Running idb with the -gdb option on the shell command line provides gdb (1)-like user commands and debugger output.
ddd: a GUI to a command line debugger. It supports gdb and idb. For details about usage, see the following subsection.
TotalView: a licensed graphical debugger useful in an MPI environment (see http://www.totalviewtech.com/ )
Figure 3-1 shows a TotalView sesssion.
idb is part of the Intel Compiler suite, both Fortran and C/C++. You are asked during the installation if you want to install it or not. When running idb you get the GUI interface. When you invoke the idbc command, you get the command line interface.
The DataDisplayDebugger ddd(1) tool is a GUI to an arbitrary command line debugger as shown in Figure 3-3. When starting ddd, use the --debugger option to specify the debugger used (for example, --debugger "idb").

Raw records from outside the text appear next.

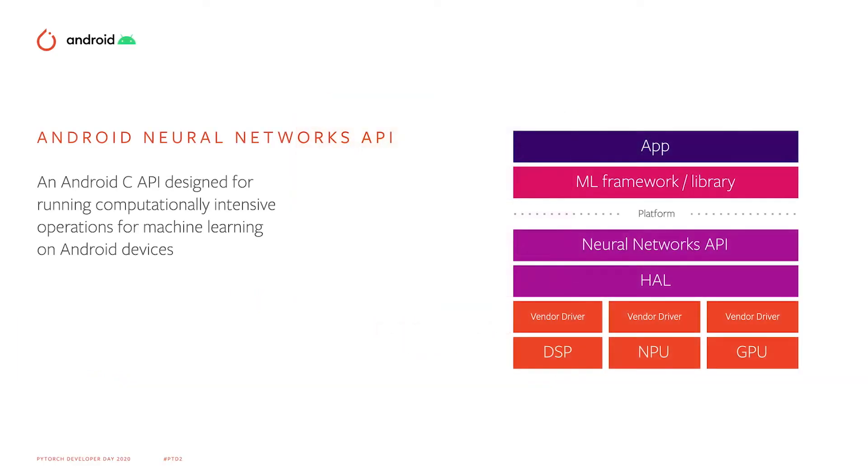So the Android Neural Networks API provides a single consistent C API for computational offload. The diagram to the right shows an example architecture. The app can call into an ML framework or directly into the Neural Networks API.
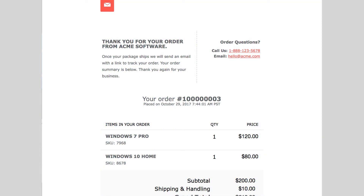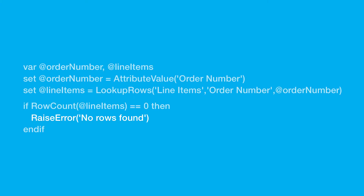An order confirmation email is sent to customers who have made an online purchase. The email uses a LookUpRows AMscript function to retrieve a row set of the order items and display them in the email. We want to accommodate exception handling in the event that no items are returned by the function. The following AMscript code will return an error message and cancel the sending of the email job.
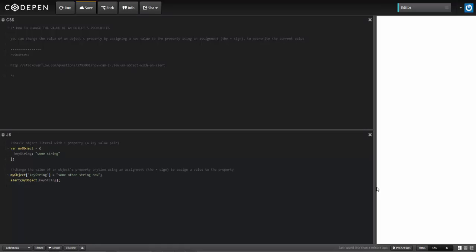I'm going to change the value of the property that's inside of my object. Right now the value is some string. I'm going to use bracket notation and use the equals sign here to give this property a new value. That is some other string now.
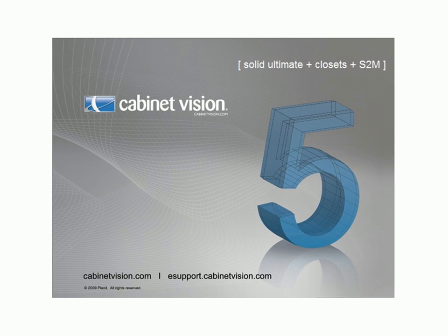Welcome to another edition of CabinetVision's Tech Tuesday webinar, brought to you by Planet Solutions Technical Support and Training Departments.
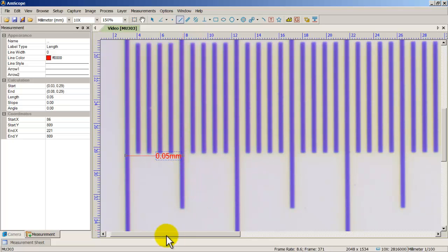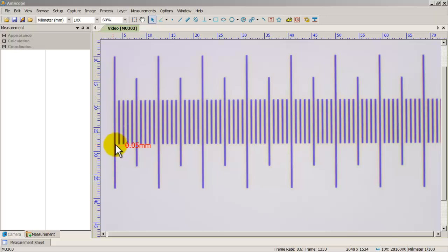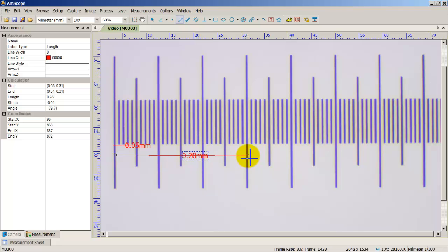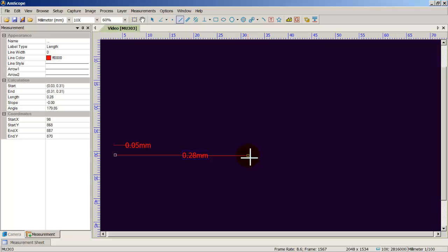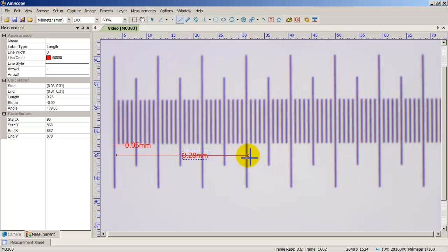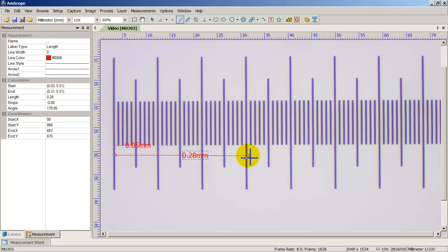So I measured 0.05 and it's accurate. Let me grab the line again and measure another span — making sure the line is straight with no breaks — and that comes out to 0.28. This is how you do measurements and calibration on the microscope. For each individual objective you'll need to calibrate separately, so just follow these steps and you should be fine. If you have any questions, comment below — I'll include links to the software, the camera, and the microscope I was using. That's pretty much it, you guys have a good one!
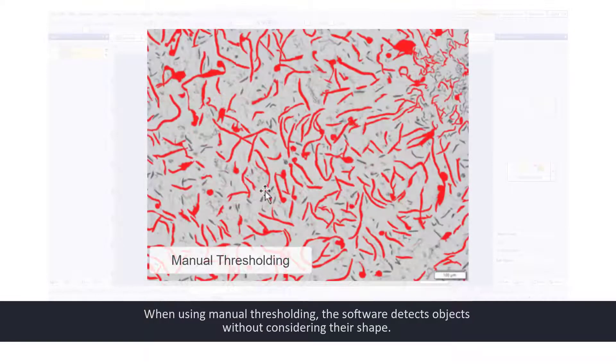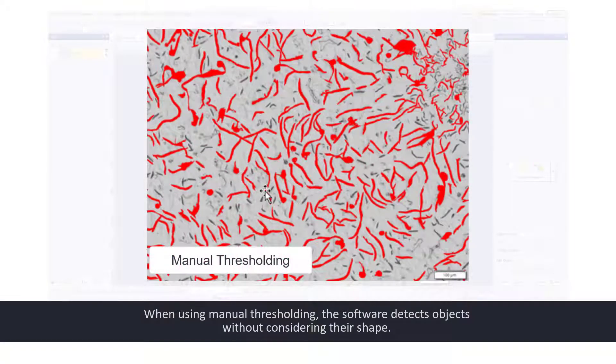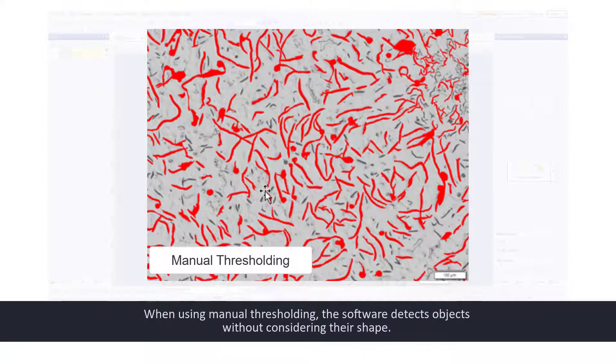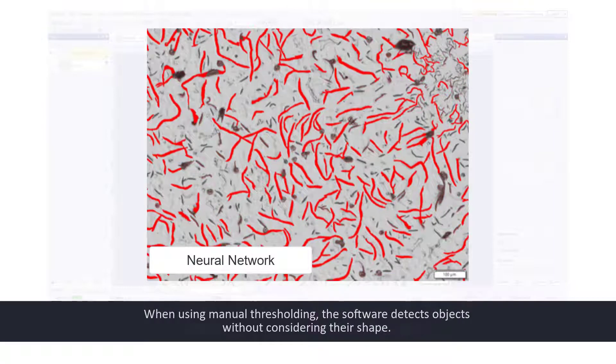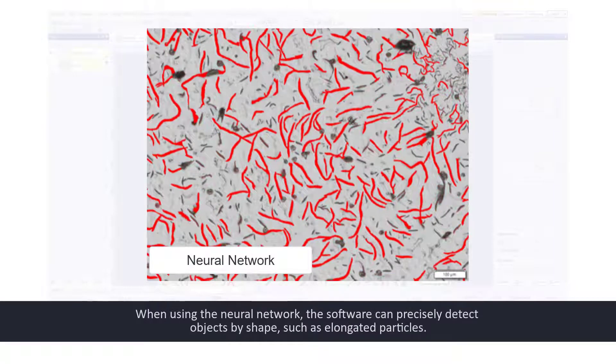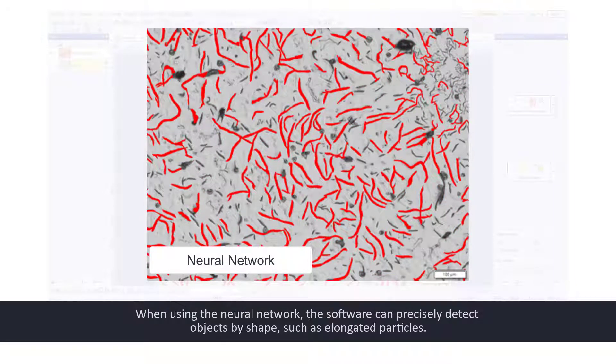When using manual thresholding, the software detects objects without considering their shape. When using the neural network, the software can precisely detect objects by shape, such as elongated particles.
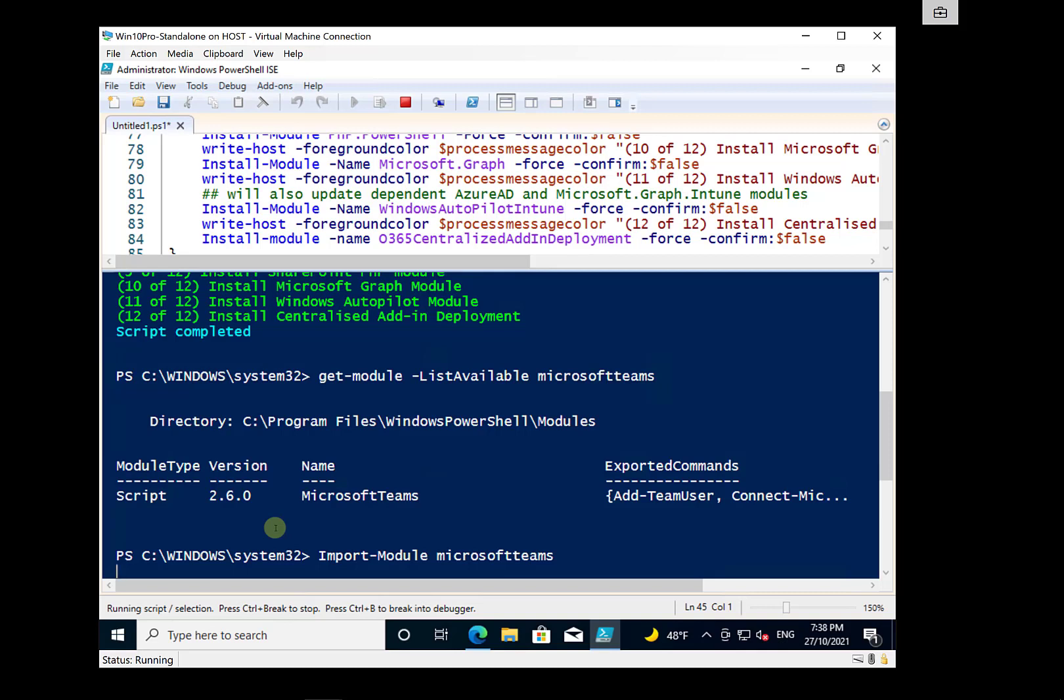So the idea with this script, again, is to make it easy for you to get your Microsoft 365 PowerShell environment up and running. And the way that we basically did that is I encourage you to go and take a look at the script that I've created here on my GitHub repository.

The default debugger used is gdb.
When the debugger is loaded the DataDisplayDebugger screen appears divided into panes that show the following information:
Array inspection
Source code
Disassembled code
A command line window to the debugger engine
These panes can be switched on and off from the View menu.
Some commonly used commands can be found on the menus. In addition, the following actions can be useful:
Select an address in the assembly view, click the right mouse button, and select lookup. The gdb command is executed in the command pane and it shows the corresponding source line.
Select a variable in the source pane and click the right mouse button. The current value is displayed. Arrays are displayed in the array inspection window. You can print these arrays to PostScript by using the Menu>Print Graph option.
You can view the contents of the register file, including general, floating-point, NaT, predicate, and application registers by selecting Registers from the Status menu. The Status menu also allows you to view stack traces or to switch OpenMP threads.